Толстой вспоминал о своем ректоре охотно и с явной симпатией. «Что он там в математической науке сделал, этого я тогда совсем не понимал и не знал, но как ректор он был внимателен и благожелателен. Ко мне относился очень хорошо. Когда, покидая университет, мне пришлось быть у него с прощальным визитом, он очень тепло выражал сожаление, что мое университетское учение не наладилось и что ему было бы очень жаль, если бы мои выдающиеся способности не нашли надлежащего применения.
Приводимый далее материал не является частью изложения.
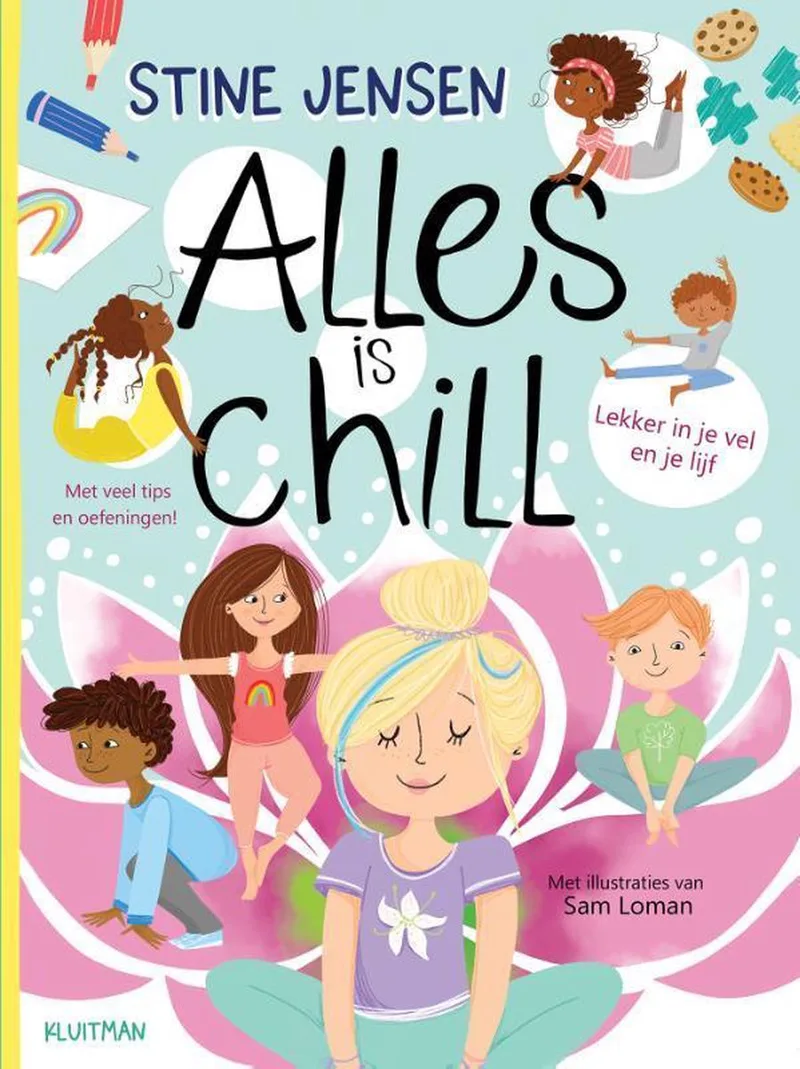 Alles is chill fra Kluitman – billede af bogen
В чем он тогда мог видеть мои способности, уж не знаю, уж не знаю».

У нас нет и, может быть, никогда уже не будет данных, чтобы определенным образом решить вопрос, в чем именно проявлялась одаренность юноши Толстого. Правда, сохранился отзыв профессора гражданского права Д. И. Мейера, который хоть и провалил Толстого на экзамене, все же говорил потом, что, судя по выразительным чертам лица и умным глазам, Толстой мог бы быть выдающимся человеком; но едва ли взгляд Лобачевского мог основываться на одном только мнении Мейера, профессора постороннего Лобачевскому факультета.

В повести «Юность» Толстой изобразил себя в пору студенчества под именем Николеньки Иртеньева, но этот юный герой так пристально смотрит внутрь себя, что читателю не ясно, каким выглядел Иртеньев для наблюдателя со стороны.
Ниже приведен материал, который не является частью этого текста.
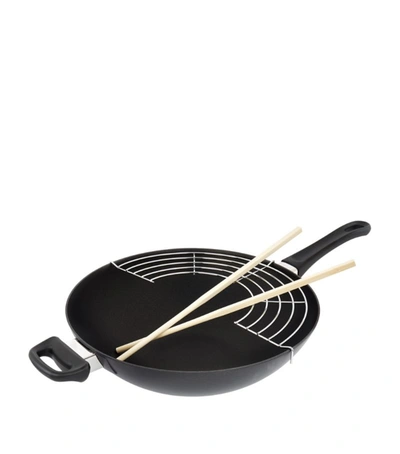 Scanpan Classic Wok (32cm) In Silver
В 1893 году, когда праздновалась сотая годовщина рождения Лобачевского, я принес Толстому тот портрет знаменитого математика, по которому сделан был бюст для его памятника в Казани. Толстой не нашел в нем сходства со своим бывшим ректором. «Нет, — говорил он, — я помню Лобачевского более пожилым и более полным. Со своими бритыми щеками, в мундире и с орденскими звездами он был тогда похож на актера, играющего важного чиновника». Когда я впоследствии увидел дагеротипный портрет Лобачевского в возрасте под 60 лет, я не мог не оценить меткости описания, данного Толстым.
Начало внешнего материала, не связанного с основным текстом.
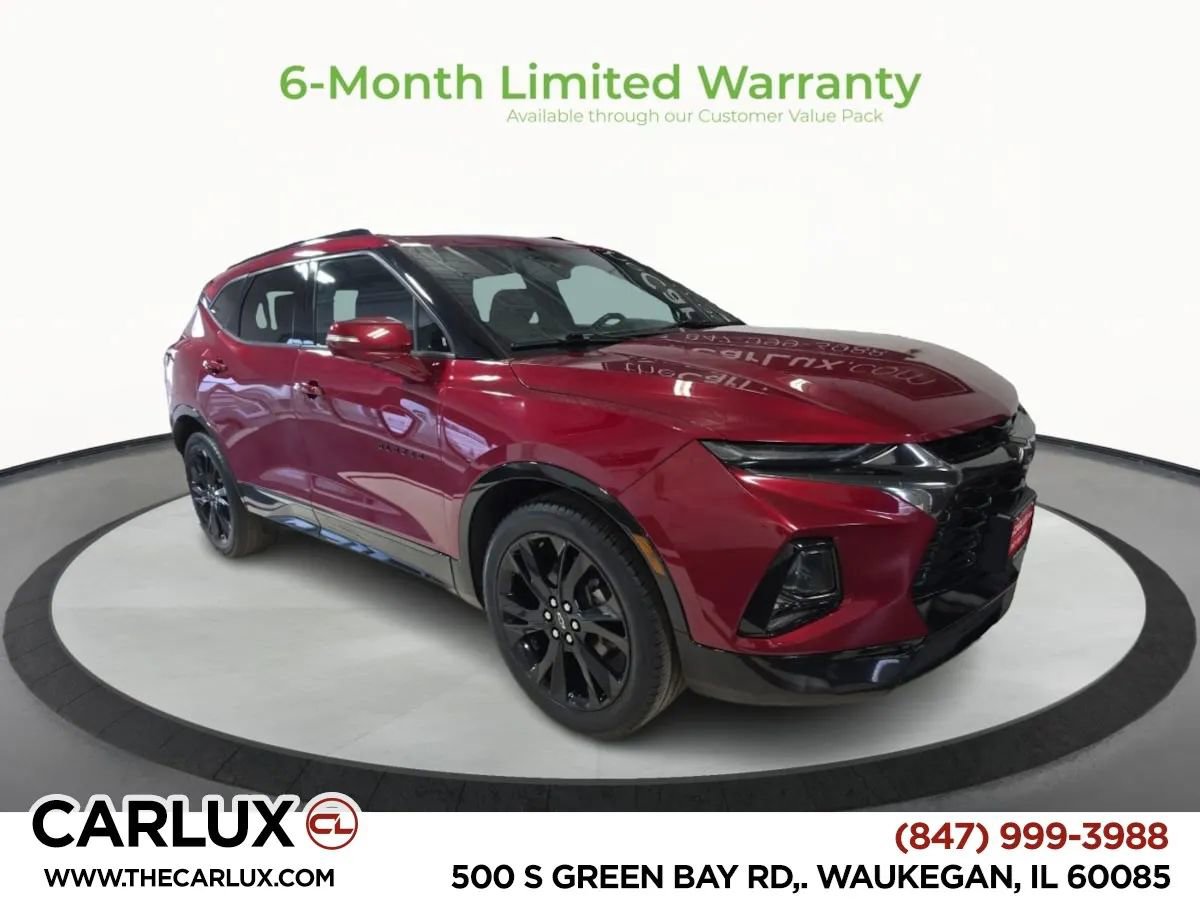Used 2019 Chevrolet Blazer RS w/ Sun and Wheels Package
Публикация Александра Павлова

 


1. Одним из поводов этих расспросов было следующее обстоятельство. Летом 1891 года я юным студентом был в Ясной Поляне и случайно присутствовал при том, как графиня сообщала биографические сведения о Толстом приехавшему из Берлина д-ру Р. Левенфельду. Пересматривая при этом старые дневники Толстого, графиня неожиданно обратилась ко мне: «А вот это для вас должно быть приятно. Только не подумайте, что это о вас. Вас тогда еще на свете не было». В конце одной из записей стояла сделанная вечером приписка: «Вечер провел у Раевского. Какой Цингер умный!» Мне, разумеется, очень хотелось узнать, какой разговор мог вызвать такой отзыв Толстого. Примеч. А. Цинглера.

2. Песня про сражение на реке Черной 4 августа 1855 г. («Как четвертого числа / Нас нелегкая несла…»).